First modification: 06/19/2021 – 18:27
The World Health Organization warned of the growing danger that exists due to the advance of the virus on the African continent. The vaccination process has barely reached 1% of the population during these months, something that can promote the advance of the disease and the appearance of dangerous variants.
The coronavirus pandemic progresses unevenly depending on the continent. While in Latin America and Africa the cases are multiplying during these weeks in many countries, in the United States and especially in Europe it seems that daily life is being recovered little by little thanks to the high vaccination rates.
The vaccine has been shown as the cornerstone of the recovery of normality prior to the pandemic. Those countries that have been able to immunize the most people are those that have seen cases and deaths plummet. The situation is so positive that some countries such as France or Spain have already announced measures to remove masks in open spaces.
However, the WHO warns that these rapid and massive vaccination processes may become useless if they are not equitable among all countries and the vaccine is not managed to reach all regions of the planet, since the most disadvantaged may be the ideal breeding ground for the emergence of new and dangerous variants that resist vaccines.
To date, 177.8 million cases and 3.8 million deaths have been reported worldwide, while more than 2.5 billion doses have been inoculated.
Here are the highlights of this June 19, 2021:
- WHO warns of increasing cases in Africa
The cases of infections in Africa have soared in the last week despite the general decline in cases globally.
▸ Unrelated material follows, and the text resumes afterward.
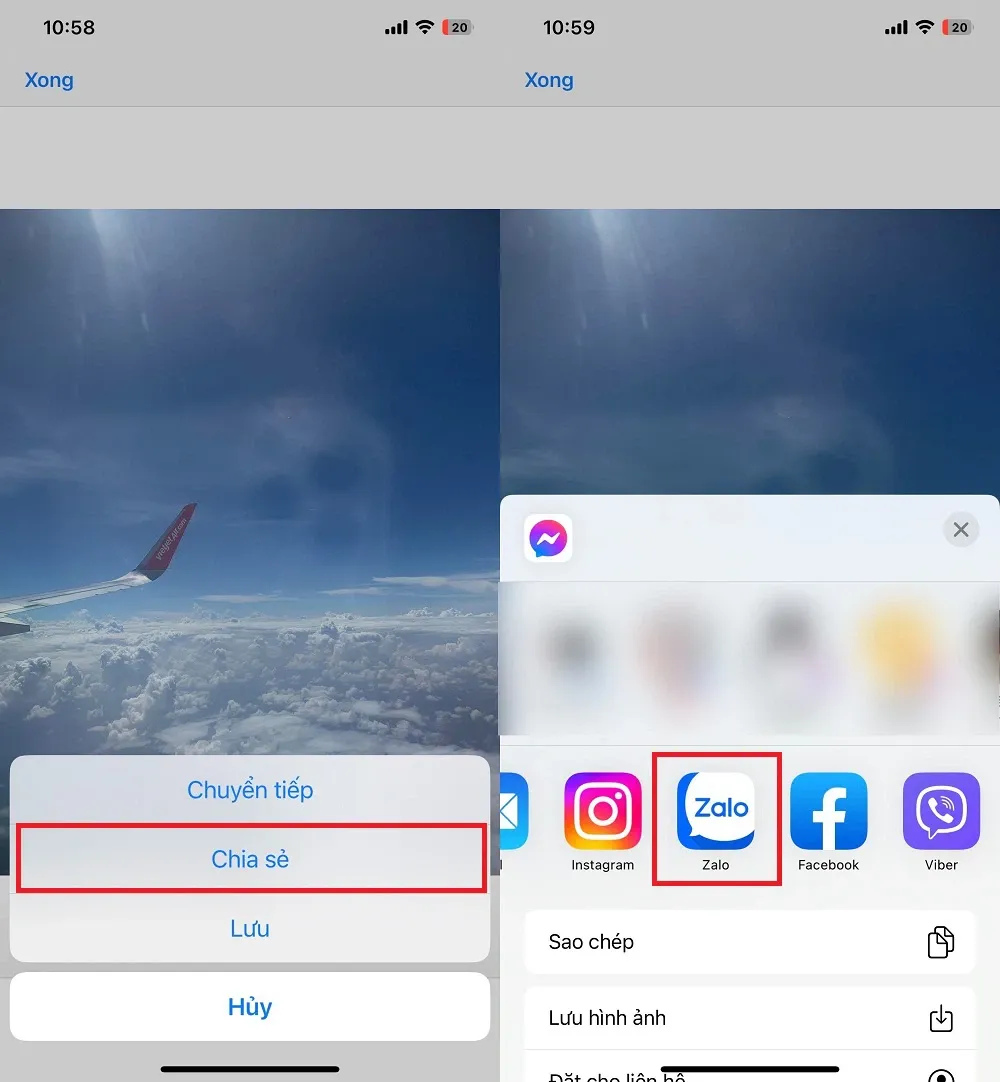 Cách chia sẻ ảnh từ Messenger qua Zalo và các nền tảng khác trên iPhone không cần lưu về máy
These data reflect the late vaccination process of the continent, where many countries have had practically no access to vaccines, which has impeded progress in the immunization of their populations.
“In Africa, cases increased by 52% last week, deaths by 32%, and we fear the worst considering that only 1% of the African population has been vaccinated so far,” the director general of the Organization warned today. World Health Organization (WHO), the Ethiopian Tedros Adhanom Ghebreyesus, at a press conference.
The WHO once again criticized the global vaccine delivery system, which it already considers a failure and a latent danger to end the pandemic. Since before the launch of vaccines on the market, the WHO has warned of the imperative need for an equitable distribution between nations to take place, something that has not finally happened.
During the first months, developed countries have been in charge of prioritizing the vaccination of their citizens through bilateral contracts with pharmaceutical companies and to the detriment of the impact that this has on the poorest countries.
The head of the WHO took the opportunity to once again warn that recent commitments to donate vaccines to developing countries, some of them set for next year, will come too late for those who are currently becoming infected and dying in regions such as Africa.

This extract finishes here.